SOURCE MATERIAL ▸
++++++++++++++++++++
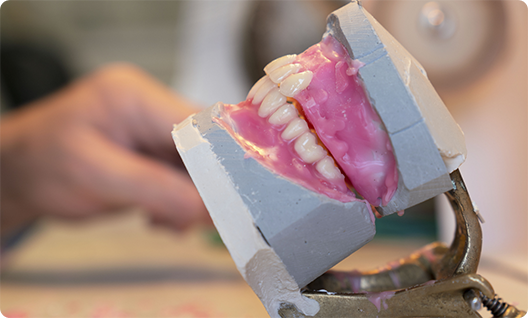 Dentures in plaster being crafted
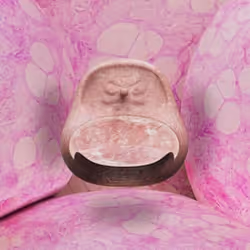 #29-Pink Adipose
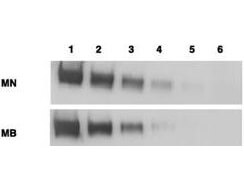 Anti-Mesothelin Antibodies - Western Blot Anti-Mesothelin Antibodies - Western Blot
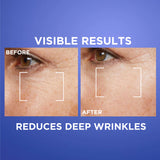 Revitalift Retinol Serum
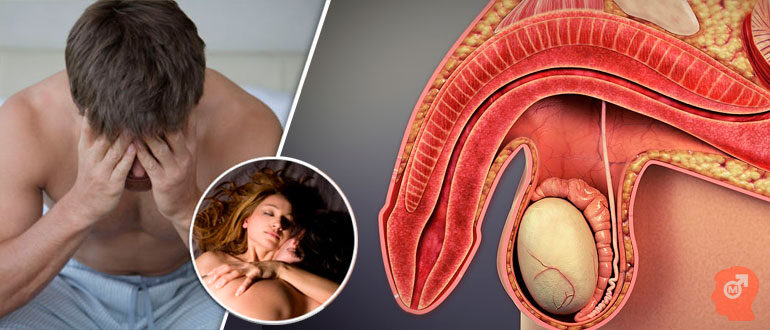 kak-vosstanovit-erektsiyu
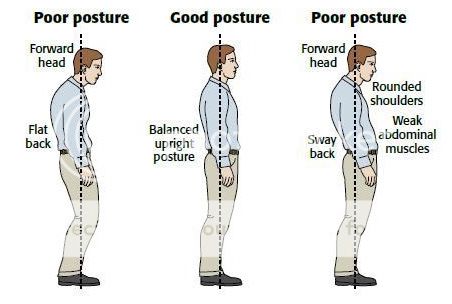 Poor neck posture correction youtube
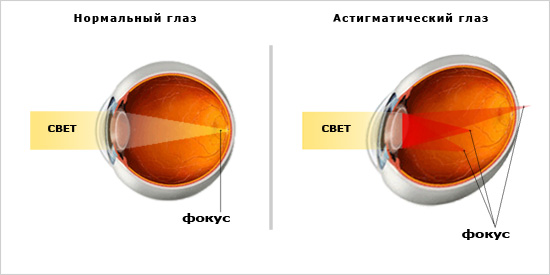 Механизм развития астигматизма глаз и основные принципы организации лечения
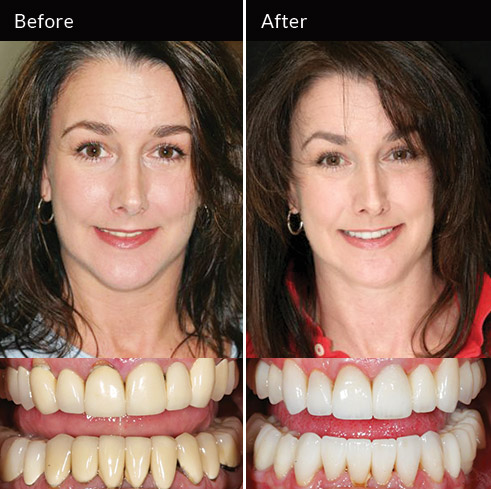 Advanced Cosmetic Dentistry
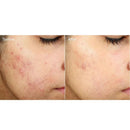 Murad Invisiscar Resurfacing Treatment crema acne 15ml - Planethair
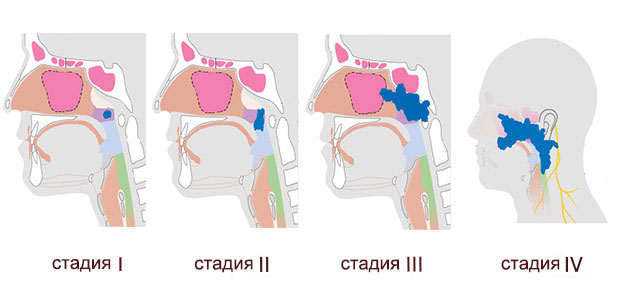 рак носоглотки стадии
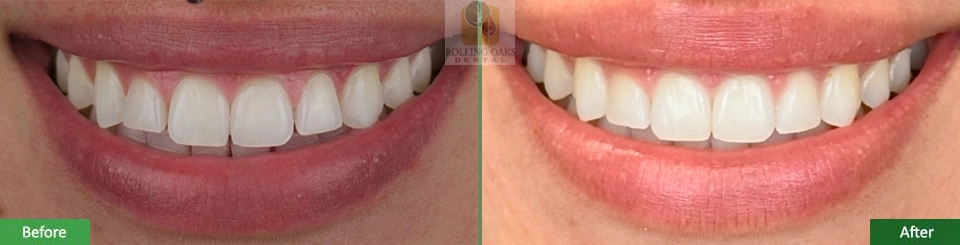 Invisalign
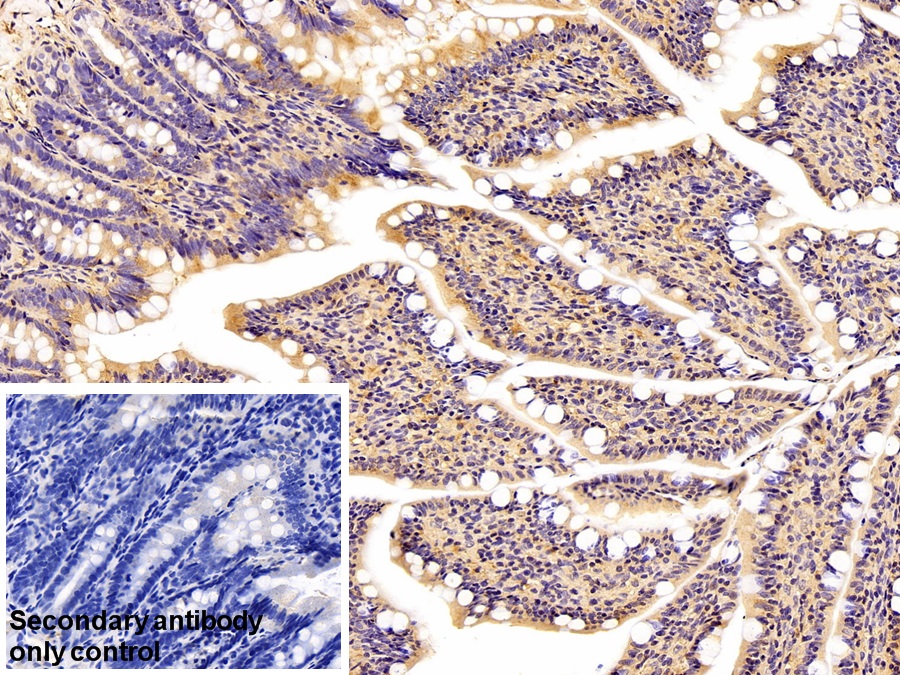 Monoclonal Antibody to Secreted Frizzled Related Protein 4 (SFRP4)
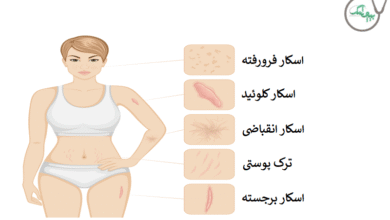 اسکار پوست
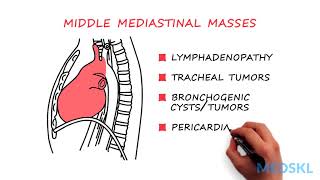 General Surgery – Mediastinal Mass By Rishindra M Reddy MD [upl. by Jessica]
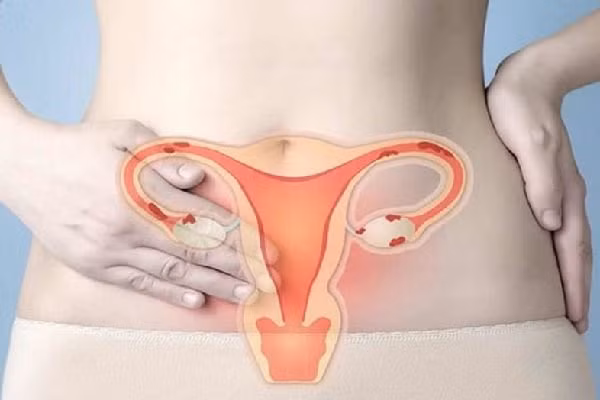 Dấu hiệu trên quần lót này có thể là màu máu đỏ tươi, dịch tiết màu đỏ ngầu hoặc dịch tiết màu nâu. Số lượng dịch tiết có thể nhiều hoặc ít song không vì thế mà chủ quan. Chuyên gia sức khỏe cho rằng nó có thể là dấu hiệu ung thư cổ tử cung. Biểu hiện lâm sàng này còn được biết đến với tên gọi “ra máu bất thường”.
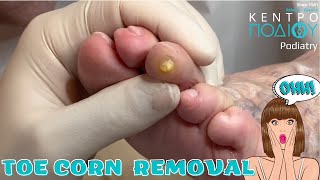 Toe Corn Removal feet toe κεντροποδιου foot podologos calluses podiatrist corn footcare [upl. by Aramac]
++++++++++++++++++++
TASK TO COMPLETE ▸
With all pictures omitted, return exactly the lines from the one containing "Monoclonal Antibody to" through the end of the entries above.

EXERCISE RESPONSE ▸
 Monoclonal Antibody to Secreted Frizzled Related Protein 4 (SFRP4)
 اسکار پوست
 General Surgery – Mediastinal Mass By Rishindra M Reddy MD [upl. by Jessica]
 Dấu hiệu trên quần lót này có thể là màu máu đỏ tươi, dịch tiết màu đỏ ngầu hoặc dịch tiết màu nâu. Số lượng dịch tiết có thể nhiều hoặc ít song không vì thế mà chủ quan. Chuyên gia sức khỏe cho rằng nó có thể là dấu hiệu ung thư cổ tử cung. Biểu hiện lâm sàng này còn được biết đến với tên gọi “ra máu bất thường”.
 Toe Corn Removal feet toe κεντροποδιου foot podologos calluses podiatrist corn footcare [upl. by Aramac]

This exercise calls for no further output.